In the latest operation against the traffickers that was concluded in March but only revealed Friday, four Chinese citizens, three Spaniards and three Moroccans were arrested in Spain in an operation coordinated by the European Union’s police body.
Spain’s Civil Guard said 460 kilograms (1,014 pounds) of glass eels were seized in southern Spain with a market value of over 400 million euros ($490 million).
Authorities across the continent have been trying to tackle the smugglers who take European glass eels to Asian countries where they are raised into adults and their meat is sold expensively for the local cuisine.
More than 100 tons of juvenile eels evade wildlife traffic controls every year in Europe, according to Andrew Kerr, chairman of the Sustainable Eel Group, a regional platform of scientists and industry stakeholders.
“That’s nearly one fourth of the total European eel natural stock,” Kerr said Friday. “It’s the biggest wildlife crime action in Europe, and it’s hidden from everyone.”

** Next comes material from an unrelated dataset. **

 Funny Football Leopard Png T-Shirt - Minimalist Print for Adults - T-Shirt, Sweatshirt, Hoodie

Friday’s disclosure showed how the ring exported the baby eels bought in Spain through Portugal and Morocco and how the eels were concealed in suitcases or in cargo containers and sent to Hong Kong, Mainland China, South Korea and other Asian countries.
Police also seized 364 suitcases possibly used to smuggle the eels, with potential profits of 37.5 million euros, Civil Guard Coronel Jesus Galvez said during a press conference in Madrid Friday.

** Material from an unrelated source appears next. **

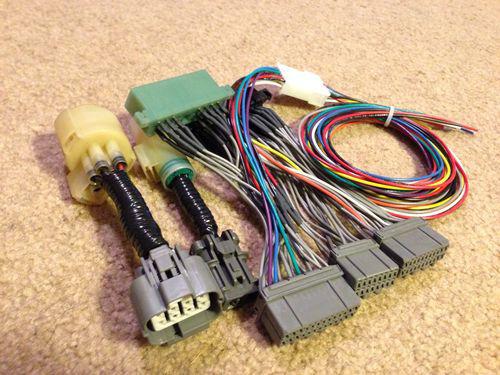 Obd0 to obd1 combo distributor adaptor ecu jumper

Because eels can’t be bred in captivity, the wriggling glass eels —or elvers— are usually fished and raised to maturity in aquaculture companies in Asia, where pollution, climate change and poaching has diminished stocks of the Japonica Anguilla species.
The trading of the European eel has been restricted since 2009 under the rules of the CITES convention for the international trade of endangered wildlife. The European Union has banned all exports outside the bloc and regulated internal sales, although an underground business has thrived in recent years.
Since the glass eel fishing season began at the end of the fall, Portugal has arrested 28 people and has seized 1 ton of glass eels in 18 raids. Hugo Alexandre Matos, director of the Portuguese authority of food security, ASAE, said several investigations remained opened.
Meanwhile, Spain has arrested or identified as suspects 89 people in total since November, snatching more than 2.3 tons of baby eels. The seized eels have been reintroduced to the wild, Galvez said.
The operations come with environmental crimes on the rise globally and in Europe, said Europol’s chief for organized crime, Jari Liukku, who compared the benefits from illicit wildlife trade to those of drug, arms or human trafficking.
“Punishments are low and the conviction rate for environmental crimes is still low,” he said.